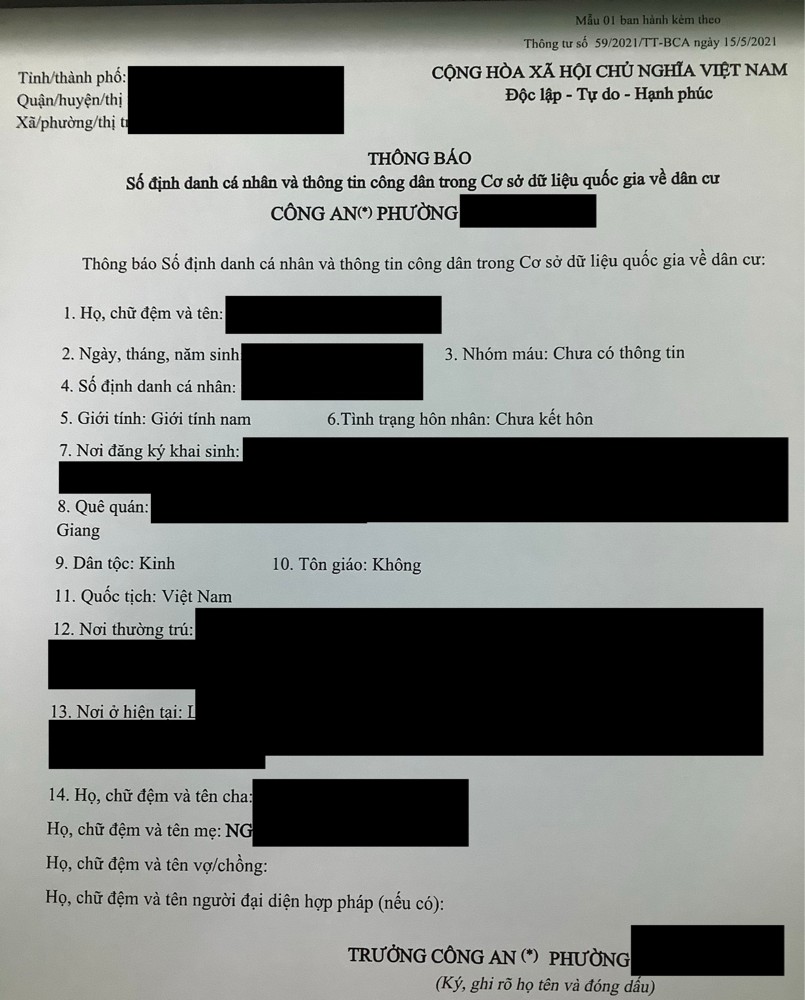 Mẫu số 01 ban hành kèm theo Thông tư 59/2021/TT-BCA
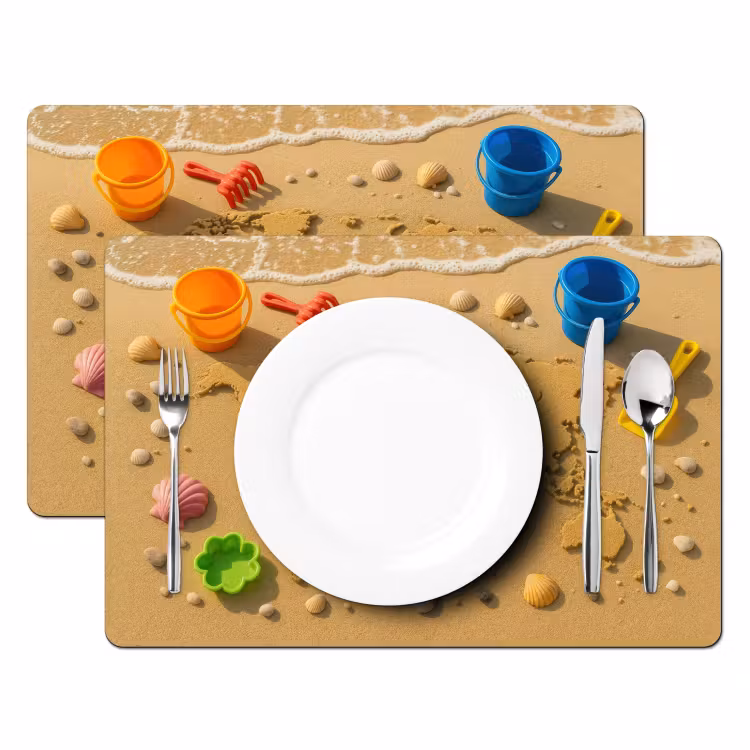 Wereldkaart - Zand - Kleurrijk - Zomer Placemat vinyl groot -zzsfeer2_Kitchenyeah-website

==================================================

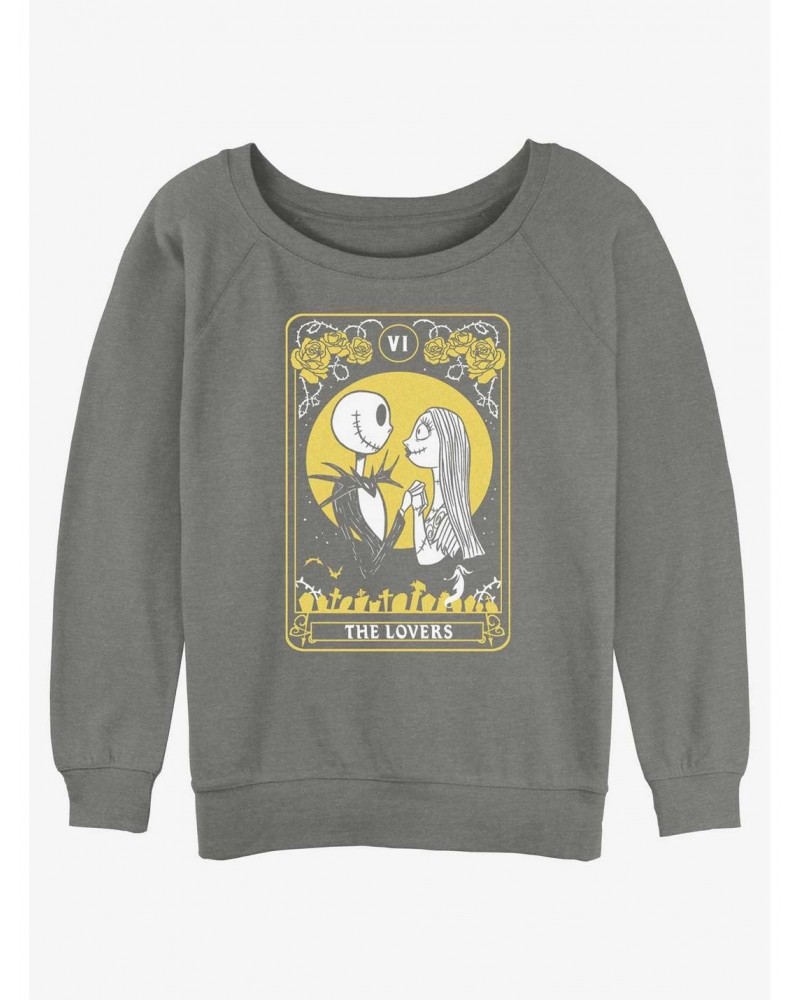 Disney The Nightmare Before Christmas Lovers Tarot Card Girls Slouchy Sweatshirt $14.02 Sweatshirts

==================================================

▸ Your task: Produce an exact reproduction of the listing above, limited to the lines starting at the line with "Mẫu số 01 ban" and ending at the line with "Wereldkaart - Zand", both kept, with every picture left out.

▸ Reply:
 Mẫu số 01 ban hành kèm theo Thông tư 59/2021/TT-BCA
 Wereldkaart - Zand - Kleurrijk - Zomer Placemat vinyl groot -zzsfeer2_Kitchenyeah-website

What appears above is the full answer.